1773-05-17, de Voltaire [François Marie Arouet] à François de Chennevières.

Mon ancien ami, nous sommes très sensibles mde Denys et moi à votre souvenir.
Je suis surtout très flatté que vous cultiviez toujours les lettres; elles vous rendront votre retraite encore plus agréable. Mais vous avez sur moi deux grands avantages; le premier est la santé et le second la proximité de Paris; vous êtes à portée de tous les plaisirs auxquels j’ai renoncé depuis longtemps; vous avez sans doute une petite loge à l’opéra, et nous n’en avons qu’à l’opéra comique d’auprès de Genève; vous pouvez voir les tableaux du Salon et nous avons à peine un barbouilleur; vous avez vu le beau pont de Neuilly et nous n’avons que des vieux ponts de planches pourries; vous avez le plus brillant voisinage et nous ne pouvons nous vanter d’une pareille société: enfin vous faites encore des vers et je n’en fais plus. Je ne sais si vous commencez à grisonner, mais j’ai bientôt quatre-vingt ans. Vous vous portez bien et j’ai été sur le point de mourir.
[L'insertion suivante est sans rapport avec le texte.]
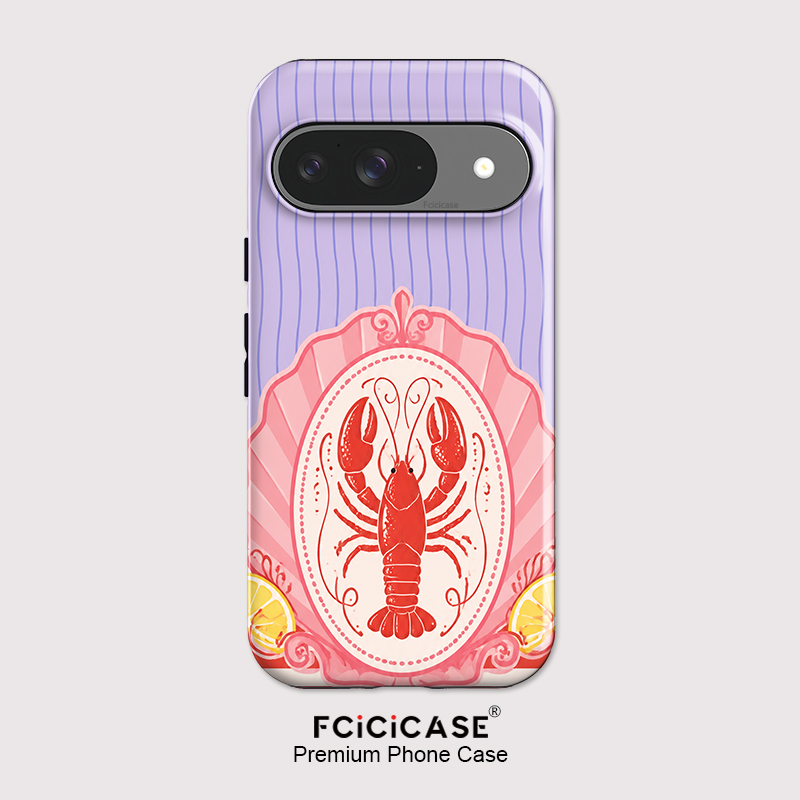 Google Pixel 9 - เคสโทรศัพท์ลายกุ้งลอบสเตอร์ Fcicicase สำหรับ Google Pixel 10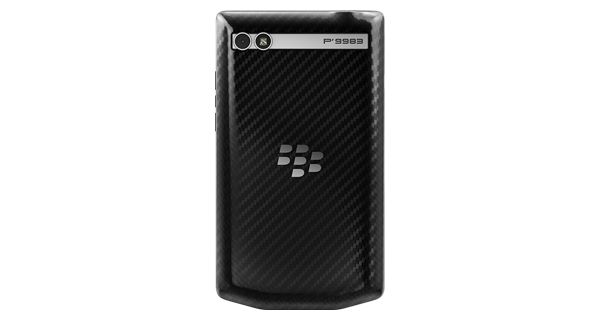 BlackBerry Porsche Design P'9983 Graphite Back View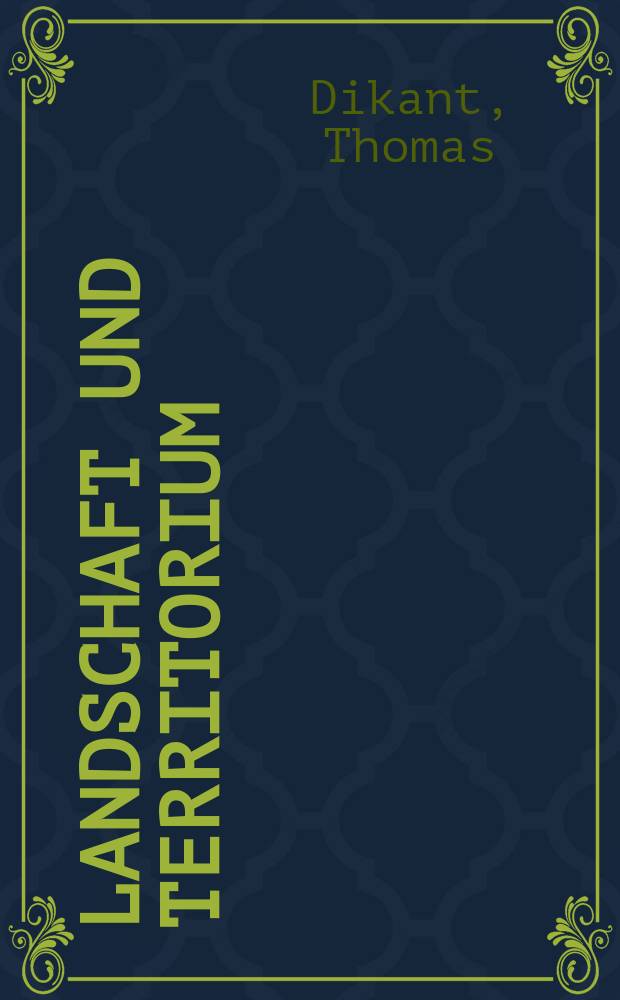 Landschaft und Territorium : amerikanische Literatur, Expansion und die Krise der Nation, 1784-1866 = Ландшафт и территория. Американская литература, экспансия и кризис нации 1784-1866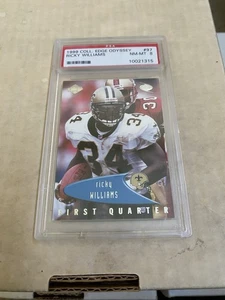 1999 Ricky Williams ROOKIE RC Collector's Edge Odyssey #97 PSA 8 - Picture 1 of 2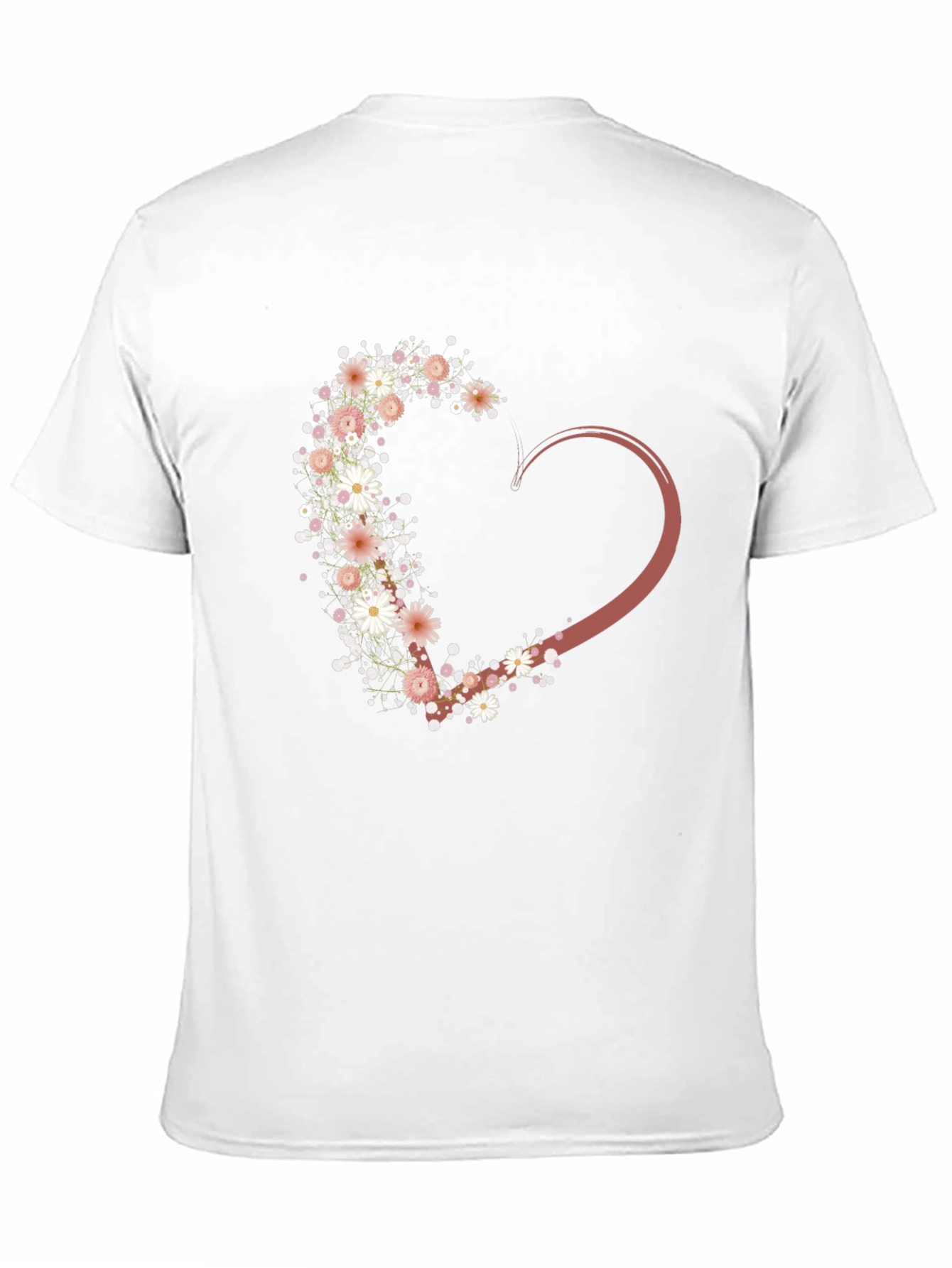 Black Floral Heart Graphic Tee - Stylish Casual Wear view 11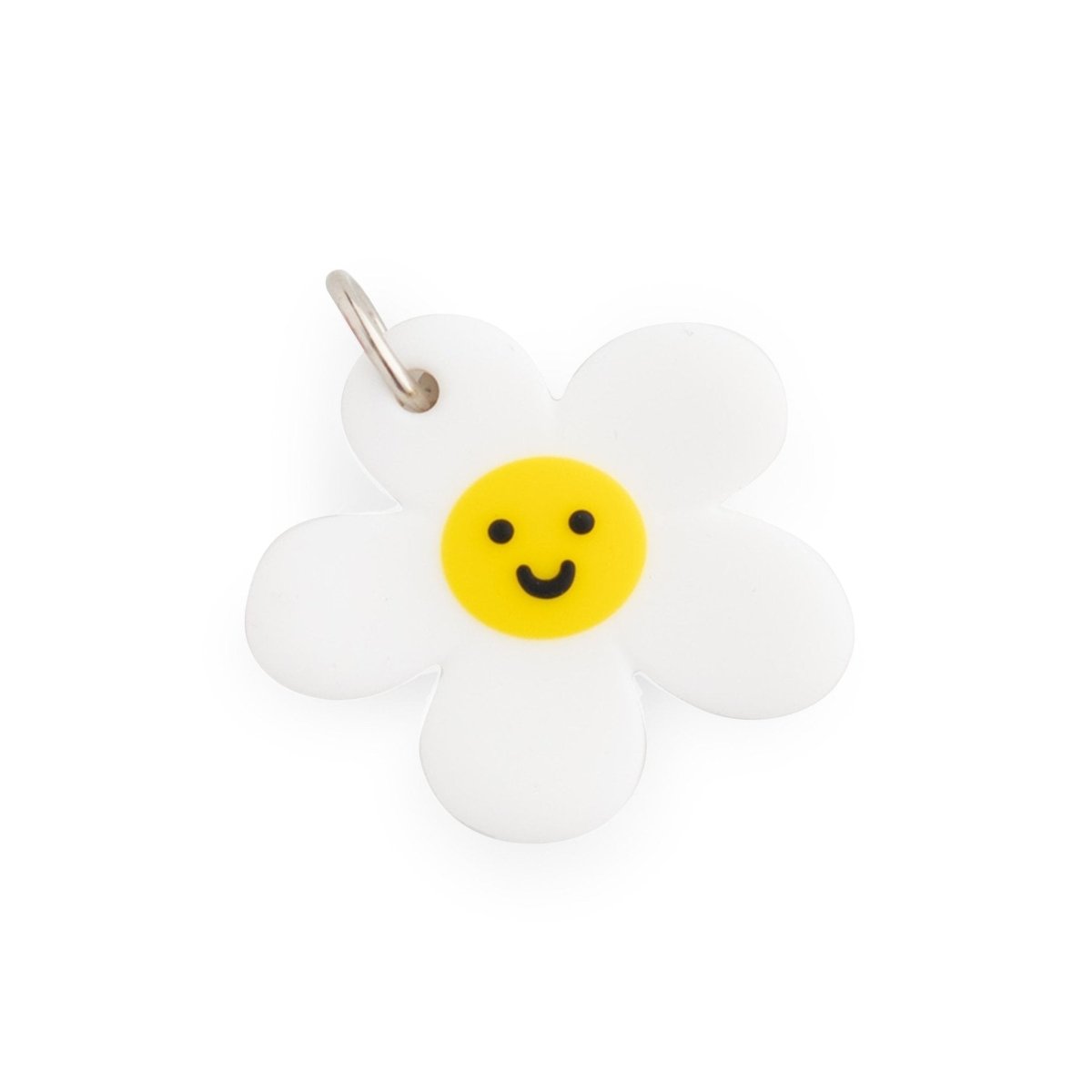 Silicone Charms Flowers White from Cara & Co Craft Supply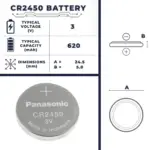CR2450バッテリー | サイズ、電圧、容量、利点と用途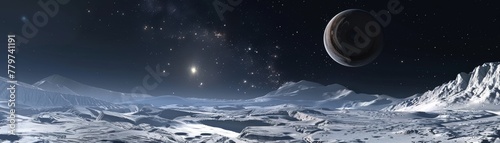 Discover the icy and starlit realms of Ganymede in a breathtaking virtual expedition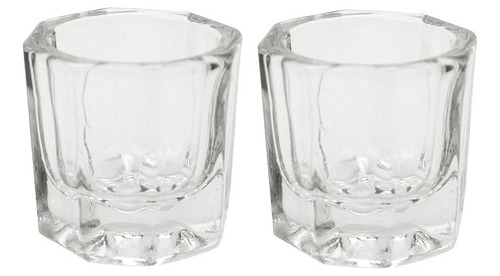 Paquete De 2 Vasos Para Arte De Uñas Líquido Acrílico, Monóm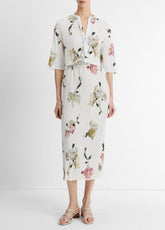 Wilted Peony Pleated Side-Tie Skirt in Dresses & Skirts | VINCE Sale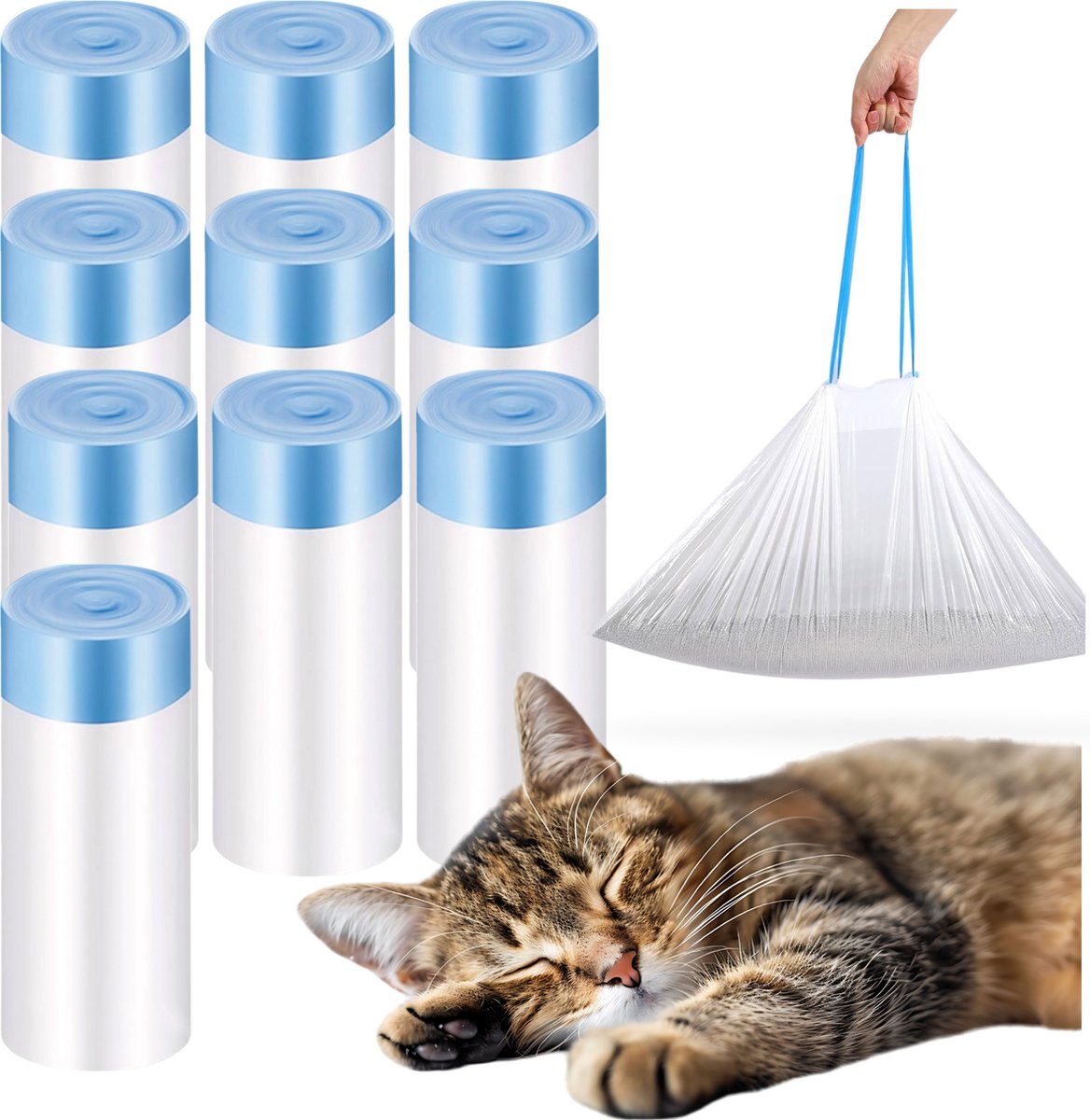 Automatische Kattenbak Zakken - 150 zakken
Vous me félicitez sur le retour de ma santé et je suis aussi mal que j’étais, d’ailleurs un peu sourd, un peu aveugle, très impotent, quoi qu’on dise je ressemble comme deux gouttes d’eau à une momie d’Egypte mal conservée.

Je conclus de tout cela que vous êtes bien généreux d’envoyer des vers de votre royaume de Chenevieres à ma solitude des Alpes, je ne puis que vous remercier de vos bienfaits mais non pas y répondre.